How Coca-Cola became a holiday brand

and helped brand Santa Claus himself

What marks the beginning of the holiday season for you? Is it the smell of ginger, pumpkin and spiced baked goods? Is it the sound of that familiar yuletide song on the radio? Or is it the sight of that first Coca-Cola holiday advertisement?

For many, Coca-Cola is indeed the brand that comes to mind when getting into the holiday spirit. This is more than reasonable, if not completely understandable, since Coca-Cola has been hard at work on branding themselves for the holidays since 1931.

That first decade or so of holiday magazine advertisements really portrays how Coca-Cola used familiar stories, pop culture and current events to become the quintessential holiday brand.

Use of familiar stories

For that first holiday magazine ad, The Coca-Cola Company hired the D’Arcy Advertising Agency. Archie Lee, the executive on the project, decided upon a realistic yet symbolic and altogether wholesome Santa as a focus. To bring this Santa to life, Haddon Sunblom, an illustrator who got his start painting pin-up girls, used Clement Clark Moore’s 1822 poem A Visit From St. Nicholas (better known to us as Twas The Night Before Christmas) for inspiration.


It’s important to note that this is not the first image of Santa, nor is it the first Coca-Cola holiday advertisement. Coca-Cola previously released holiday ads in the Saturday Evening Post even with Santa. That Santa however wasn’t the warm friendly Santa Sundblom went on to bring to life. It’s also important to note that Santa before Coca-Cola and Sundblom was depicted from anything to elf-like to a sterner Santa-type.

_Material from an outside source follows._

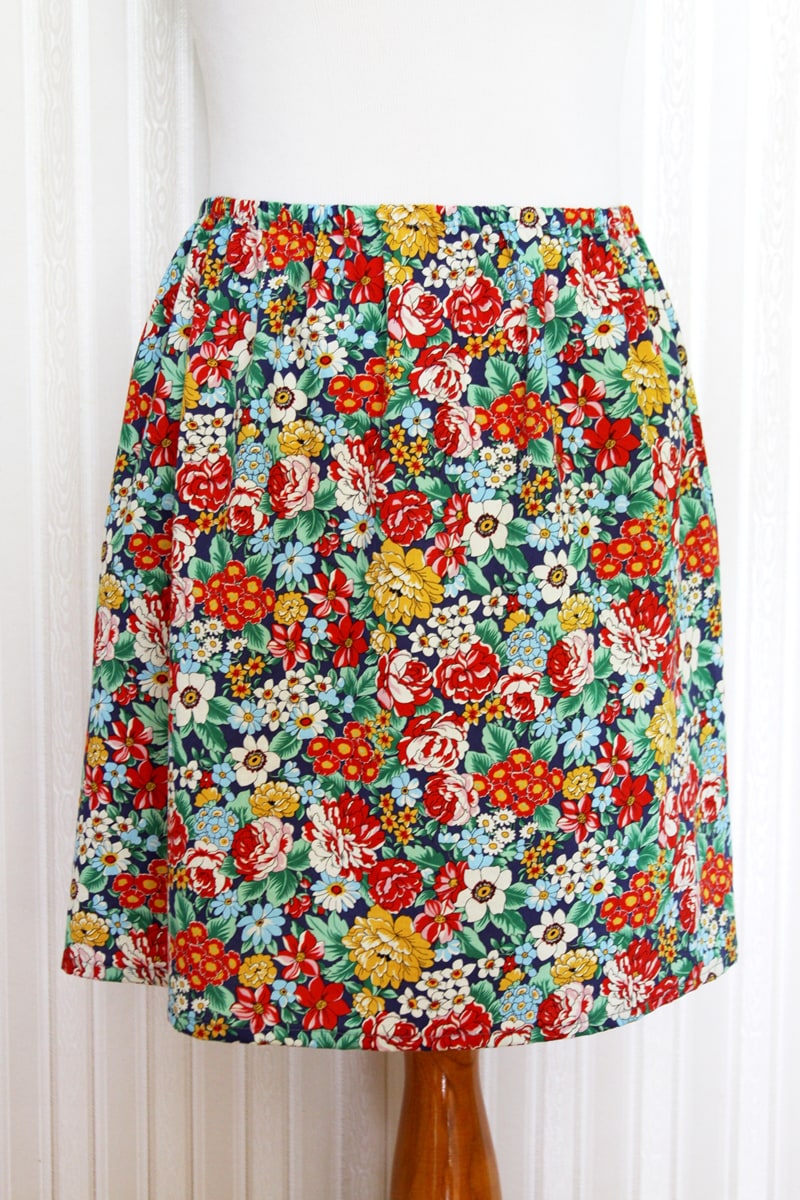 Easy 15 Minute DIY Skirt tutorial on { lilluna.com } Super quick to make and best part, you can choose your own fabric and grab some elastic and basic sewing supplies and you're set.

Sundblom went on to create Coca-Cola holiday ads featuring Santa until 1964. Towards the end of these ads he even used himself as the model for Santa. This not only shaped Coca-Cola as a holiday product, but it also shaped this particular Santa as the holiday Santa that is recognized around the world today.


Referencing pop culture

Coca-Cola was originally only consumed from soda fountains, but in 1928 drinking from bottles began making way into homes. By 1937 Coca-Cola bottles had truly risen to popularity, so naturally the holiday ad campaign featured that familiar Santa drinking Coke from a bottle in front of the fridge.


A few of the holiday ads featured Santa with popular toys gifted to children. For example, the 1936 campaign showed Santa with an electric toy train. As new toys trended, Coca-Cola made sure to place them alongside Santa and of course a Coke. This was the case in the 1962 holiday ad campaign which also included an electric toy helicopter. The popular holiday toy and the familiar image of Santa all reinforced Coca-Cola as the holiday product and brand.


Along with the Coca-Cola bottles and trendy toys, Santa himself became a pop culture holiday icon after the first decade or so of holiday magazine ads.

Sprite Boy

There was however somewhat of a pop culture fail with these ads, and his name was Sprite Boy. Sundblom added Sprite Boy alongside Santa to the holiday magazine ads in 1944 and 1949, but he never caught on and was never seen again.


Use of current events

As Americans were recovering from the Great Depression, Coca-Cola used their 1938 holiday ad campaign to remind them of enjoyment by way of Santa enjoying a Coke with a youngster in his arms.


As Americans were preparing for war (WWII), Coca-Cola used their 1943 holiday ad campaign to support the war effort by way of showcasing Santa with a Coke in one hand and his toy sack over his shoulder filled with toys and war bonds.


Even as Americans were coming home from WWII, Coca-Cola yet again took advantage of this current event with their 1945 holiday ad campaign showcasing Santa coming back to a welcoming home complete with a note and a Coke.


While we all know there were far more economical, political and social events that were taking place between 1931 and 1964 than the Great Depression and WWII, they just weren’t included in the Coca-Cola holiday magazine ads. The Coca-Cola Company and D’Arcy Advertising Agency chose to keep the ads classic and focused on their product in conjunction with Santa as well as children and toys from time to time.

The familiar story of Santa, the pop culture shift from soda fountains to bottles and inclusion of trending toys as well as current events such as the Great Depression and World War II all helped shape Coca-Cola as the classic holiday brand. With each annual holiday ad campaign, Coca-Cola built a connection to their audience with something that hit home thereby making their product one that was bought and taken home. To this day, when many see Santa drinking a Coke in a magazine or on the side of a delivery truck or on a can, they know the holidays are here.